> **EXERCISE**
Below are the records; repeat exactly their lines between the line holding "Space X Logo Garment-Dyed Women's Muscle Tee" and the line holding "American pastoral crochet", inclusive, skipping the pictures.

--- DATA PROVIDED Enclosed Below ---

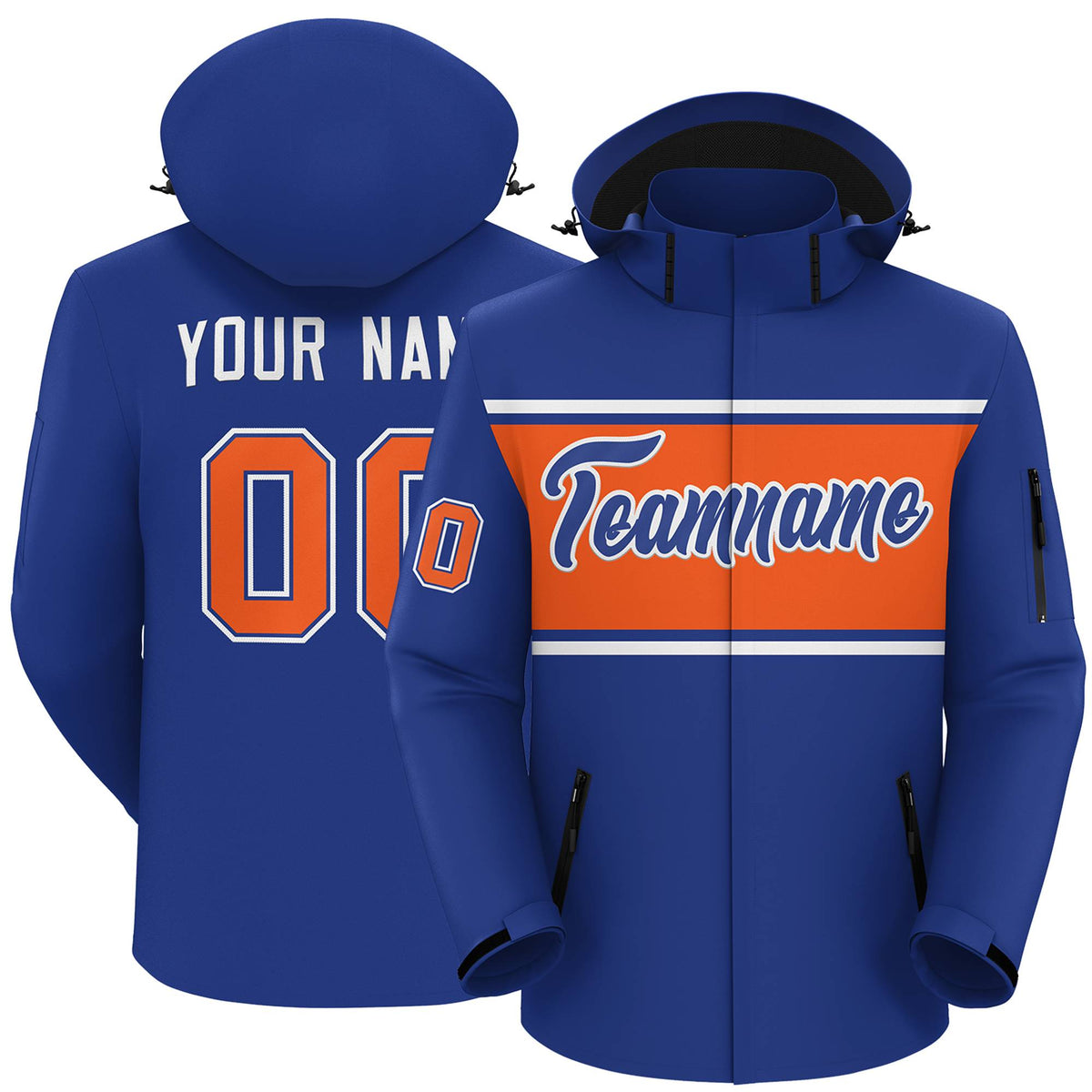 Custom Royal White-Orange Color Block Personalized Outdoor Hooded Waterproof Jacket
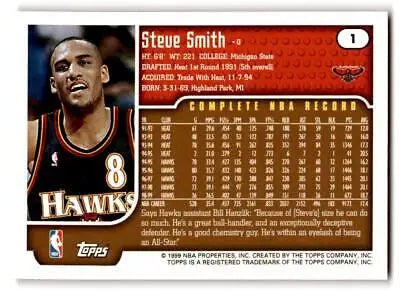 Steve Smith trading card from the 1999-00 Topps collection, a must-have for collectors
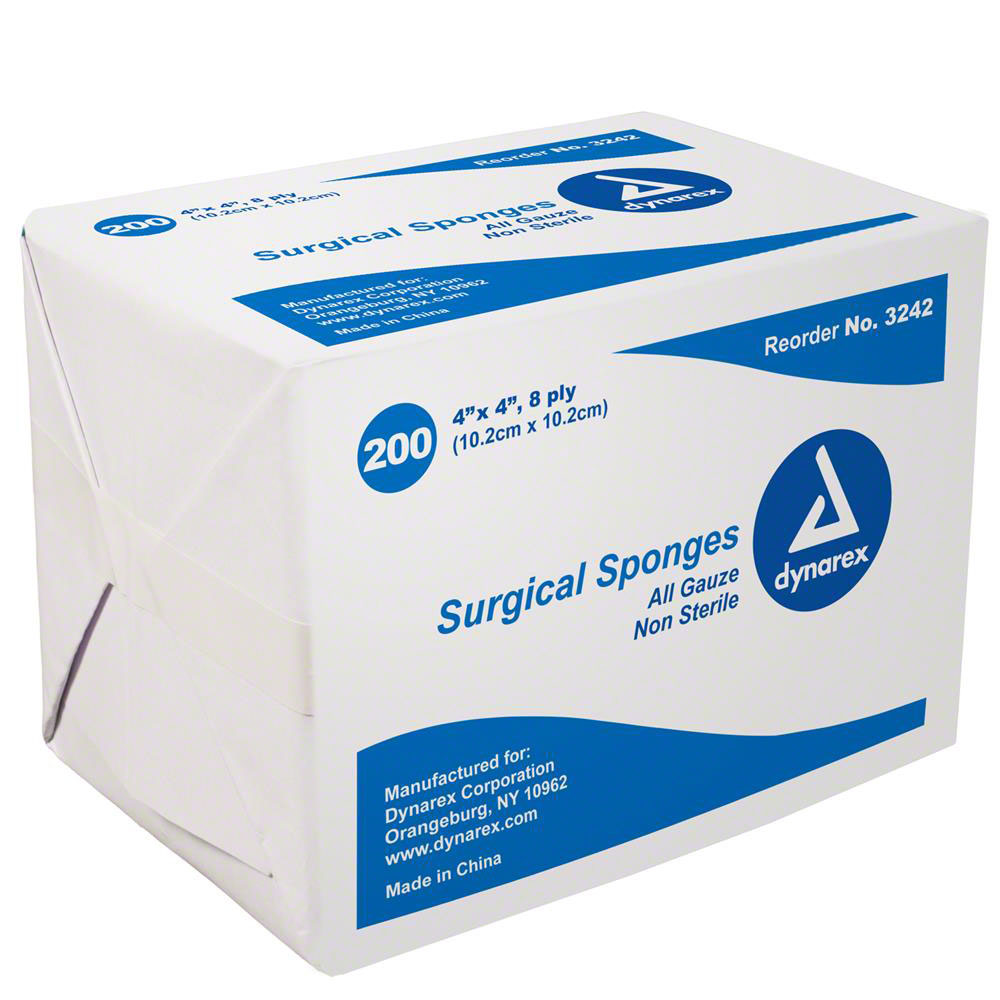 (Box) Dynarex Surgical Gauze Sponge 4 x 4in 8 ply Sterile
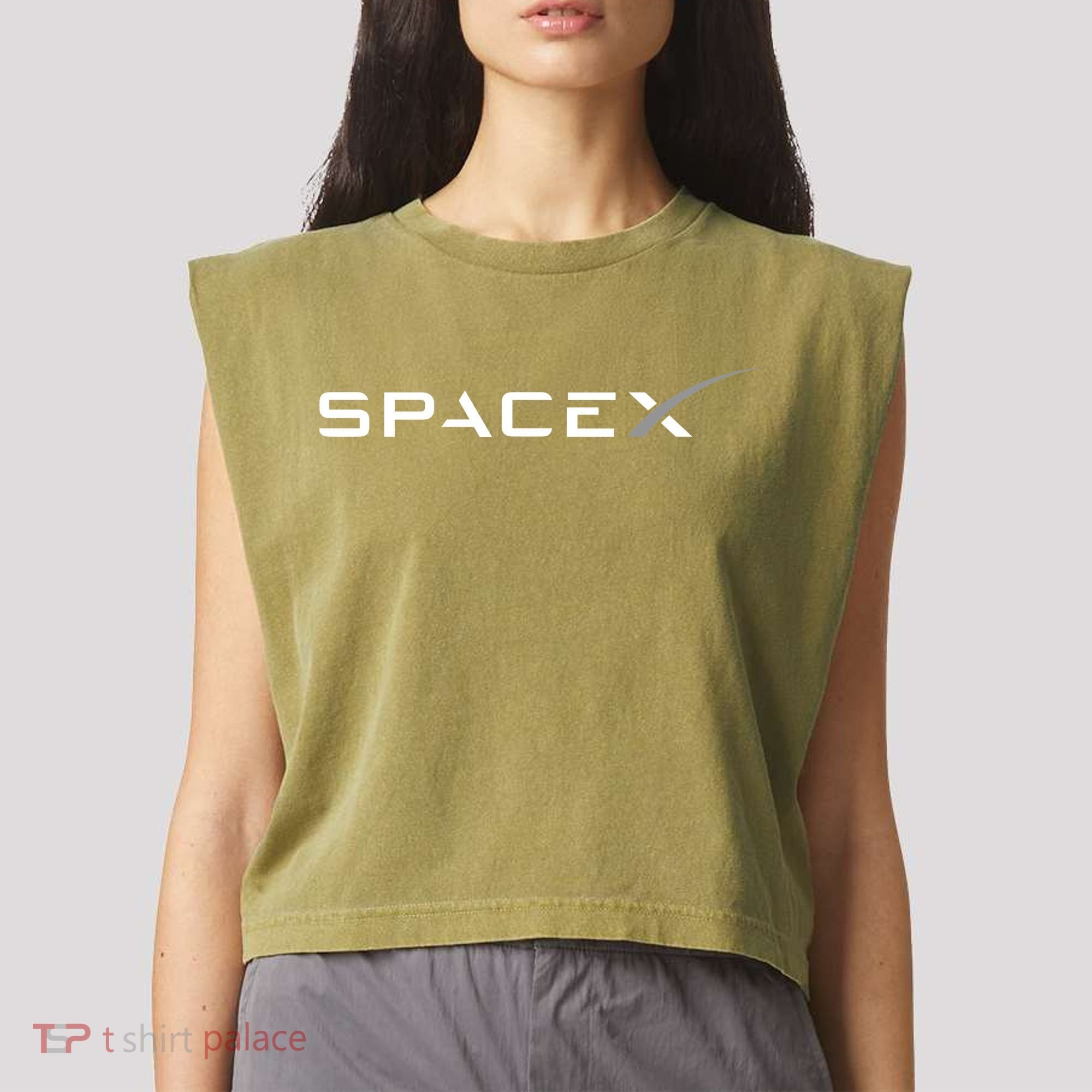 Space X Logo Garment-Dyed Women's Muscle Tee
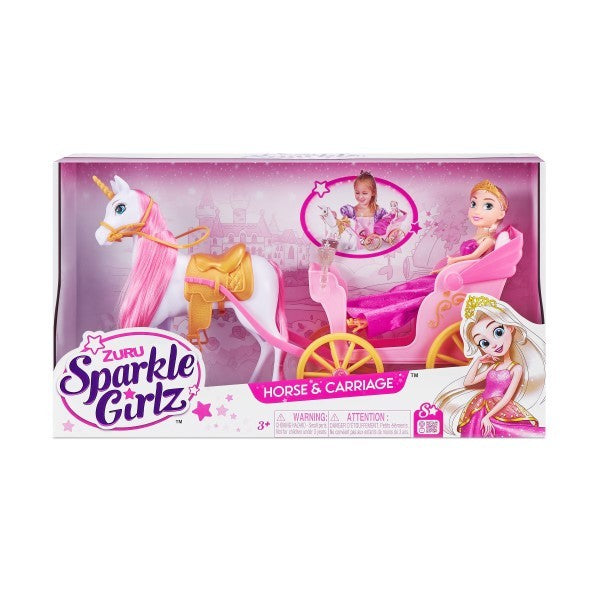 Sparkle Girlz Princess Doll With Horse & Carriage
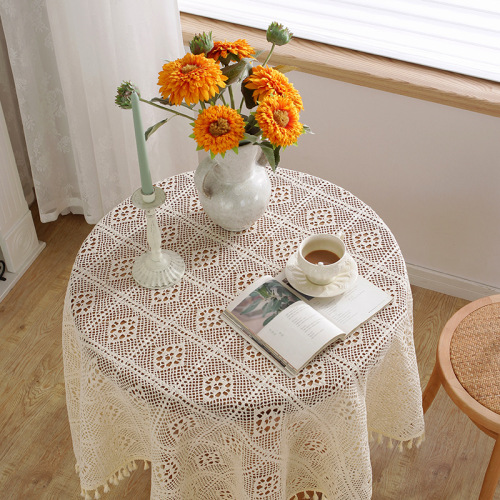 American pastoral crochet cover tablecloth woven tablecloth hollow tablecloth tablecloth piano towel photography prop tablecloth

--- End of Enclosed DATA PROVIDED ---
--- DATA PROVIDED Enclosed Below ---

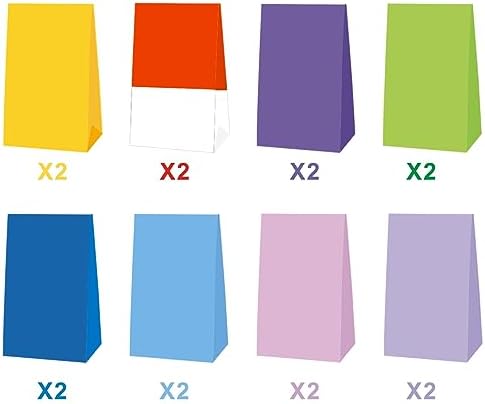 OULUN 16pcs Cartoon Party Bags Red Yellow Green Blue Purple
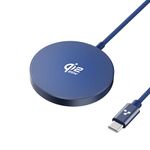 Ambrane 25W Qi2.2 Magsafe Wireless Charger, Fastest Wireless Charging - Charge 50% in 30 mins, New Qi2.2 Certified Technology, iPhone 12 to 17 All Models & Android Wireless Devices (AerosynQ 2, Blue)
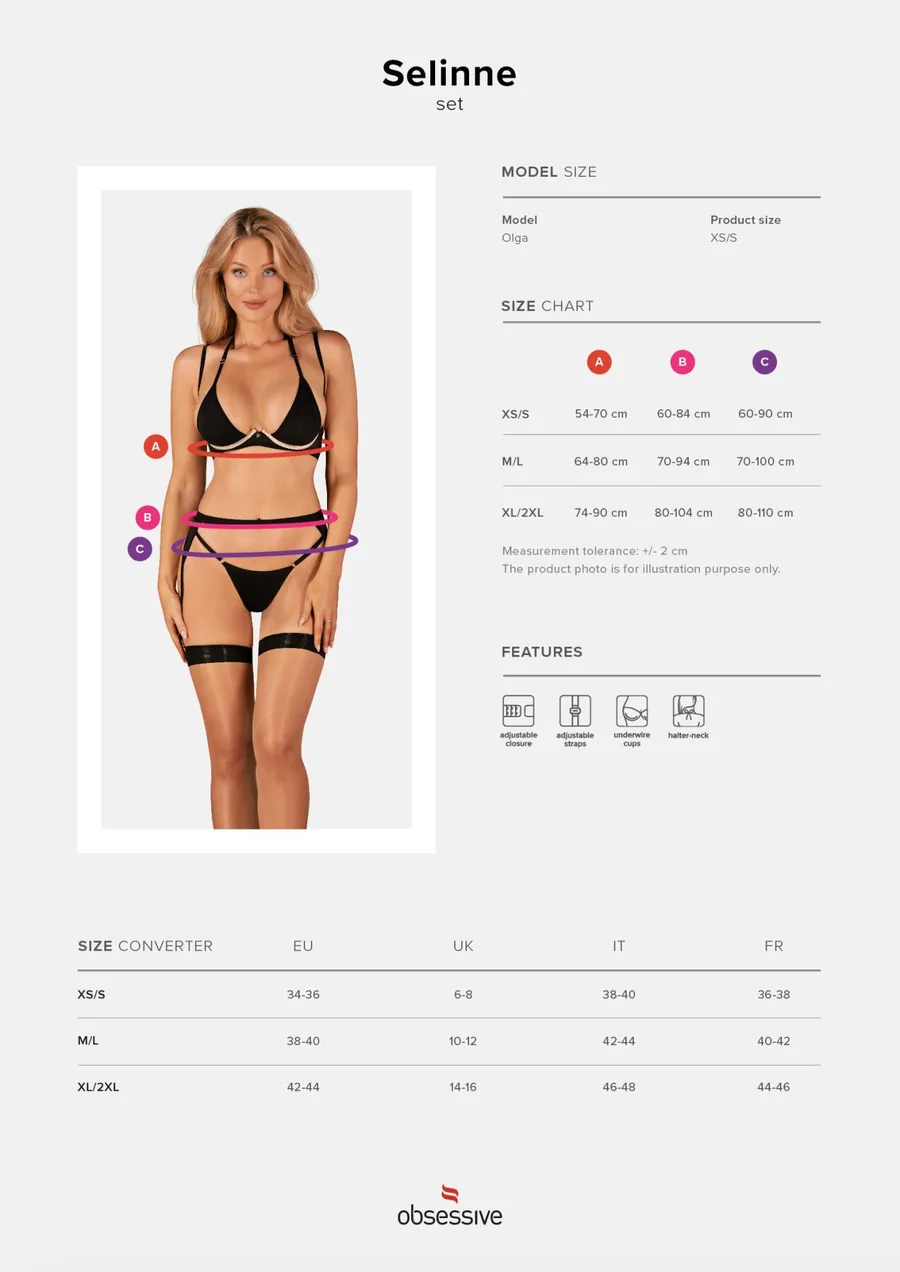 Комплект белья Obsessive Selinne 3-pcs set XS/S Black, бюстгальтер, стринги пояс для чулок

--- End of Enclosed DATA PROVIDED ---

> **WRITTEN ANSWER**
 Space X Logo Garment-Dyed Women's Muscle Tee
 Sparkle Girlz Princess Doll With Horse & Carriage
 American pastoral crochet cover tablecloth woven tablecloth hollow tablecloth tablecloth piano towel photography prop tablecloth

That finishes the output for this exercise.